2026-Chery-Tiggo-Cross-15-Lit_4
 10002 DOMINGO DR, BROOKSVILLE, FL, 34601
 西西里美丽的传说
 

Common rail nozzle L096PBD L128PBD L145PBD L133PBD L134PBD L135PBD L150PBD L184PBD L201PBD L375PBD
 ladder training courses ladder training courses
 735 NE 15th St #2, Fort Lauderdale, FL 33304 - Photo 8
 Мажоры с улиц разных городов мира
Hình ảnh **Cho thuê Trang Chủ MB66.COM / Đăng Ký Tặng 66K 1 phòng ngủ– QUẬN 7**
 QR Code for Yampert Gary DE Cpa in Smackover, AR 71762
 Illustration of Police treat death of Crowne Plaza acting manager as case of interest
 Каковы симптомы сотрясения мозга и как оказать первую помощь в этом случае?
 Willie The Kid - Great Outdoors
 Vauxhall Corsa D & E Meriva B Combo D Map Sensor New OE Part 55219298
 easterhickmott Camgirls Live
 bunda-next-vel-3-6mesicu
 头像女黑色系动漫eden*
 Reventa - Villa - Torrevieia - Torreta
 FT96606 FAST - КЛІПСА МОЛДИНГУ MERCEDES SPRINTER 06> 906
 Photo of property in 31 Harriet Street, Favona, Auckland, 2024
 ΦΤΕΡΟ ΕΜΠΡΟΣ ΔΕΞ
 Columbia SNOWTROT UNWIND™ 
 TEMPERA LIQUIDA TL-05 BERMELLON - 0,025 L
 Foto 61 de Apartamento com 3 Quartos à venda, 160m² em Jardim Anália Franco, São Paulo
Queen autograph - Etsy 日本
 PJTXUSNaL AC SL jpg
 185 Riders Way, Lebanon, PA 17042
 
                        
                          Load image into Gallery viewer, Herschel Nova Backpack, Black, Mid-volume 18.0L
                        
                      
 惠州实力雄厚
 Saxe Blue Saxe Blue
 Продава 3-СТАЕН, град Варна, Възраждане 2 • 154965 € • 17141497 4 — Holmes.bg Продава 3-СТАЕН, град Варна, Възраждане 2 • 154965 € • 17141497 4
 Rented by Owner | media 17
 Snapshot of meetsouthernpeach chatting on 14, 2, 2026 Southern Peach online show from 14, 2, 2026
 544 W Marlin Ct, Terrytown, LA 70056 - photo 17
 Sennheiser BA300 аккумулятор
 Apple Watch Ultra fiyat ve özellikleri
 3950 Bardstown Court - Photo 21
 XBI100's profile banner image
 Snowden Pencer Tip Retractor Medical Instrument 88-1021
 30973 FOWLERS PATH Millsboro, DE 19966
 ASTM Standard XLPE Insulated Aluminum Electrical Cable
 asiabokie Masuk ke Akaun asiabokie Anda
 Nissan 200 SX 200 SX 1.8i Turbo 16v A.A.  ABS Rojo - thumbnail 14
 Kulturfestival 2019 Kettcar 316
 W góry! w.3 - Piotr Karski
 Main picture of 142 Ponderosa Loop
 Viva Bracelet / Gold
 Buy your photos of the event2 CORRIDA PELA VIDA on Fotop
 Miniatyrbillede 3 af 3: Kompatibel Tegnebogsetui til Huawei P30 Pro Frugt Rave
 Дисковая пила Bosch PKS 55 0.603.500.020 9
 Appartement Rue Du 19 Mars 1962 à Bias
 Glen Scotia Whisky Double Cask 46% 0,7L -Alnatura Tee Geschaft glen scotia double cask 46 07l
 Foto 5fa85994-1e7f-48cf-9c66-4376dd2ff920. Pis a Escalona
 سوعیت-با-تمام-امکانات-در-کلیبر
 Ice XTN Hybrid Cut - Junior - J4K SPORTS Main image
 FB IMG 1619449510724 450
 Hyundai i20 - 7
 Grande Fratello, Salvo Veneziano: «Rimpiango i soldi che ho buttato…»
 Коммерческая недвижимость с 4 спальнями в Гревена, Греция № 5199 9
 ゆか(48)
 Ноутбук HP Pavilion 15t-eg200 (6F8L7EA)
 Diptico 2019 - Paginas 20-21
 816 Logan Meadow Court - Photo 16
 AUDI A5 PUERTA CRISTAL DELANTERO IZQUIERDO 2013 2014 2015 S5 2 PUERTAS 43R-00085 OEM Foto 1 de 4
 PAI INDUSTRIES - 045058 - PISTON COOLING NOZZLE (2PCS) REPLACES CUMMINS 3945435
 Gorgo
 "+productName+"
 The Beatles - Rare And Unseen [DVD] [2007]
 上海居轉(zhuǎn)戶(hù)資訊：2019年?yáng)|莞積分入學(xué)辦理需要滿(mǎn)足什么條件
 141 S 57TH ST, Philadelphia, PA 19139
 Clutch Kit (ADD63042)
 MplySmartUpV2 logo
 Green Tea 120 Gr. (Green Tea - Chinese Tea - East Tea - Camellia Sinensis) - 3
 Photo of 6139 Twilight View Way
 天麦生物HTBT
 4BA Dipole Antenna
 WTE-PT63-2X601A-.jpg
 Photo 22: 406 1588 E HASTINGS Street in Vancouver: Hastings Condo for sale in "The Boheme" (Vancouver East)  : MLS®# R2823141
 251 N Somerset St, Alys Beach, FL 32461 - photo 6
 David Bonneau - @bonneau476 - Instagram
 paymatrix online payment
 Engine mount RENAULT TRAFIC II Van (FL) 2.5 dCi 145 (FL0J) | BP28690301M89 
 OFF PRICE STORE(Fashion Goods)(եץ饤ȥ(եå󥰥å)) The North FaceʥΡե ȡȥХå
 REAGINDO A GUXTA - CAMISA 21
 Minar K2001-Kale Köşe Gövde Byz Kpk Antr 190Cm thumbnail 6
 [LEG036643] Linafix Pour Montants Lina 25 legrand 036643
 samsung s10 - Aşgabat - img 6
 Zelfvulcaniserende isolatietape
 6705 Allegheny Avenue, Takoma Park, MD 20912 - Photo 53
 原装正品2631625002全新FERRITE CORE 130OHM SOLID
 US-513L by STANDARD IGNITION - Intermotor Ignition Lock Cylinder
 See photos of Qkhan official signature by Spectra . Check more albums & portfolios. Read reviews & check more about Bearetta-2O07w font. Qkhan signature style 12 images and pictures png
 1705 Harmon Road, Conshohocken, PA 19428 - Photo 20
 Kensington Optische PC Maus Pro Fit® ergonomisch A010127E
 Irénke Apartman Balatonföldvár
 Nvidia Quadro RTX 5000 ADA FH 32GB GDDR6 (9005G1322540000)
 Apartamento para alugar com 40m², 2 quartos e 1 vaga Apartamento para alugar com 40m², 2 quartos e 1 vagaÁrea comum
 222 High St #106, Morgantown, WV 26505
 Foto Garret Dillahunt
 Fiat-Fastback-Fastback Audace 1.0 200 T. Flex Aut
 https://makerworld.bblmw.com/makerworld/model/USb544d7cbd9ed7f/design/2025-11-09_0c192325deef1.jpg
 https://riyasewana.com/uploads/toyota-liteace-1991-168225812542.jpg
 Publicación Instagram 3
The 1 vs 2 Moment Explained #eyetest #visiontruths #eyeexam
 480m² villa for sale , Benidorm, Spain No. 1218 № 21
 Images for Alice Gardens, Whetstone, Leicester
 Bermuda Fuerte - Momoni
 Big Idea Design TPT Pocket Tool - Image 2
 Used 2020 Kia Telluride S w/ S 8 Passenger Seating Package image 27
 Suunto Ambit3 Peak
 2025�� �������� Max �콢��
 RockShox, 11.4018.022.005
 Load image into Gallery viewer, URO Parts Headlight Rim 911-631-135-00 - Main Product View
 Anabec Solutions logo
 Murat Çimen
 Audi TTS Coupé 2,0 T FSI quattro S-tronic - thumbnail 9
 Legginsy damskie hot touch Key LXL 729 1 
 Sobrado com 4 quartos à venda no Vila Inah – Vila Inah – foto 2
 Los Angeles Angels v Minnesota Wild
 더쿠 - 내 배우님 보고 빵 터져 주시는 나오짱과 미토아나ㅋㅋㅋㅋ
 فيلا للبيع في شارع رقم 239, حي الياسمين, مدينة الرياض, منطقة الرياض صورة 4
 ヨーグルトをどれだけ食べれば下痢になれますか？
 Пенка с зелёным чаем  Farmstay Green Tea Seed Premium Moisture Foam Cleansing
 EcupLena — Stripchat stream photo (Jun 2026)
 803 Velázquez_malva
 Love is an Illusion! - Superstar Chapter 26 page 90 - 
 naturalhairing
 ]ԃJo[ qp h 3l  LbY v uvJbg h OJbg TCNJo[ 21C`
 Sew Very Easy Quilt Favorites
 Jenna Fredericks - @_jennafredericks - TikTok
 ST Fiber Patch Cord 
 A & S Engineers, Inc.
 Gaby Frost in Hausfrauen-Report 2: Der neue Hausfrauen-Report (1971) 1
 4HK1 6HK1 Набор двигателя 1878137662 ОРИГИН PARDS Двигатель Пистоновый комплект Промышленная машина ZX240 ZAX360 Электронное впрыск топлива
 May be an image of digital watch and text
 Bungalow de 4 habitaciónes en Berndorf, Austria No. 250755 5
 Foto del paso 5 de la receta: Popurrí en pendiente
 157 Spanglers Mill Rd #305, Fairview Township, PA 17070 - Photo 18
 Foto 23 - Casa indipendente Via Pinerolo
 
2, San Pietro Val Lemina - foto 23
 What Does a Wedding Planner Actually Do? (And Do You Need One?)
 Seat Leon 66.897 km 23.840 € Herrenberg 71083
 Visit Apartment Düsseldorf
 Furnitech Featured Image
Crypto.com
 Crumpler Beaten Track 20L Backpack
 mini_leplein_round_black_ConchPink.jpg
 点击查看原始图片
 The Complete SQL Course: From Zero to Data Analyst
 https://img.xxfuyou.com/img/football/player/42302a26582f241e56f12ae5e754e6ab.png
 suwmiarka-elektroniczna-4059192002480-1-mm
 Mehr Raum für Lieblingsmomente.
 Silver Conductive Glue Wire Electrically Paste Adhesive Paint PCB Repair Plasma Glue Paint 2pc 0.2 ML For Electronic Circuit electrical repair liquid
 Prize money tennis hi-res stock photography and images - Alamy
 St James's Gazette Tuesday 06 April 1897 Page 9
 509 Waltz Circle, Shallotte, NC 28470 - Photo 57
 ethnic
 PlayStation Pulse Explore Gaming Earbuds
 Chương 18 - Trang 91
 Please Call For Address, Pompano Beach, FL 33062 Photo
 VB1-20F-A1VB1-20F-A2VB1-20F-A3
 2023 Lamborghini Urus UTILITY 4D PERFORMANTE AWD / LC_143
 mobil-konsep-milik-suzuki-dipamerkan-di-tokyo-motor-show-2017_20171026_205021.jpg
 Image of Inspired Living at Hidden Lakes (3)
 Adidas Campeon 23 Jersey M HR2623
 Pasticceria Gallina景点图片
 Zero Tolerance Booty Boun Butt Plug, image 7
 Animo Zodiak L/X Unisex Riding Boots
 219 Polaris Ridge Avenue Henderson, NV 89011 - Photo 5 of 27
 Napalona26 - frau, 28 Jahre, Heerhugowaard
§ §
INSTRUCTIONS TO FOLLOW: State how many lines in the listing above contain the string "online". Include no other words.

COMPLETED EXERCISE: 2